1 Come viene descritto, all’inizio, il carattere di Franzisca? In seguito a quale fatto esso muta radicalmente?


2 Con quale argomento Taneddu cerca di consolare la moglie? Perché lei non gli crede?


3 Perché il ritrovamento di un mucchio di lana scardassata (r. 134) davanti alla porta della chiesa di San Cosimo potrebbe essere la prova della veridicità del ballo dei morti riferito da Franzisca?

ANALIZZARE

4 Individua le similitudini e le metafore presenti nella novella. A quale campo semantico appartengono?


5 Come definiresti il tessuto lessicale del testo? Più letterario o più gergale? In che modo queste due componenti entrano qui in reciproca relazione?


6 Individua nel racconto di ziu Taneddu le espressioni che contribuiscono a conferirgli un tono colloquiale.

INTERPRETARE

7 I racconti e i romanzi di Grazia Deledda narrano spesso di passioni forti e distruttive. In quali elementi della trama di questa novella possiamo cogliere tale aspetto?

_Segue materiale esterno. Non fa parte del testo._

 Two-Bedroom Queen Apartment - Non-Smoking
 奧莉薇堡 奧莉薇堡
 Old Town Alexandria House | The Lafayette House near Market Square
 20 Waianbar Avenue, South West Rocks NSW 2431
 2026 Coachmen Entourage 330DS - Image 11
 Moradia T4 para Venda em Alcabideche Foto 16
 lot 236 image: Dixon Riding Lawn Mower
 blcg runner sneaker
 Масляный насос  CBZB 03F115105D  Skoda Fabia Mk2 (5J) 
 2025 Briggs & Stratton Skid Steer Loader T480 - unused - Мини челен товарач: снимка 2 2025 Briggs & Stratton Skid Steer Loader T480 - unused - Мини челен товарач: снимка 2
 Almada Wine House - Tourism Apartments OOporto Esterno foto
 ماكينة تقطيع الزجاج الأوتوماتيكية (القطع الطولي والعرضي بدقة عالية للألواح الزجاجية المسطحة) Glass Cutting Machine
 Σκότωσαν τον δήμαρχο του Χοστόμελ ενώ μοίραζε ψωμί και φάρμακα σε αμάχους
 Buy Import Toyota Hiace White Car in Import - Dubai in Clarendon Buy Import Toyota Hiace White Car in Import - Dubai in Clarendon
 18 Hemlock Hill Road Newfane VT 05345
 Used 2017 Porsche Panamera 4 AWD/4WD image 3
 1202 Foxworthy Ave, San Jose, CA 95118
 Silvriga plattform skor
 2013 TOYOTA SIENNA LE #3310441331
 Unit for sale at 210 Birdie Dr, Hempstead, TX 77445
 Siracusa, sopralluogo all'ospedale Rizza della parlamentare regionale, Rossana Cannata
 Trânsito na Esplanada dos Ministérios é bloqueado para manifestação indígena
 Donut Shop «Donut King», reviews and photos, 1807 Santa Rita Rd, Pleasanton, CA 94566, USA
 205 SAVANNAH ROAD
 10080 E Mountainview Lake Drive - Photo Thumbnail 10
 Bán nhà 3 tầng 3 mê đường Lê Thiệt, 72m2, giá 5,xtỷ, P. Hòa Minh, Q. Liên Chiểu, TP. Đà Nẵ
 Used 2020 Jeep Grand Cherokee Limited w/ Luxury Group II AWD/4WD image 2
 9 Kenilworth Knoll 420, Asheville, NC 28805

8 Il motivo tipicamente deleddiano della colpa non riguarda solo Franzisca ma, come si scopre alla fine del testo, anche Taneddu. Tuttavia, tale senso di colpa è vissuto dai due personaggi in modo radicalmente diverso e con conseguenze opposte. Perché?

scrivere per…

argomentare

9 In quale personaggio, secondo te, si rispecchia maggiormente l’autrice? Rispondi in un testo argomentativo di circa 20 righe.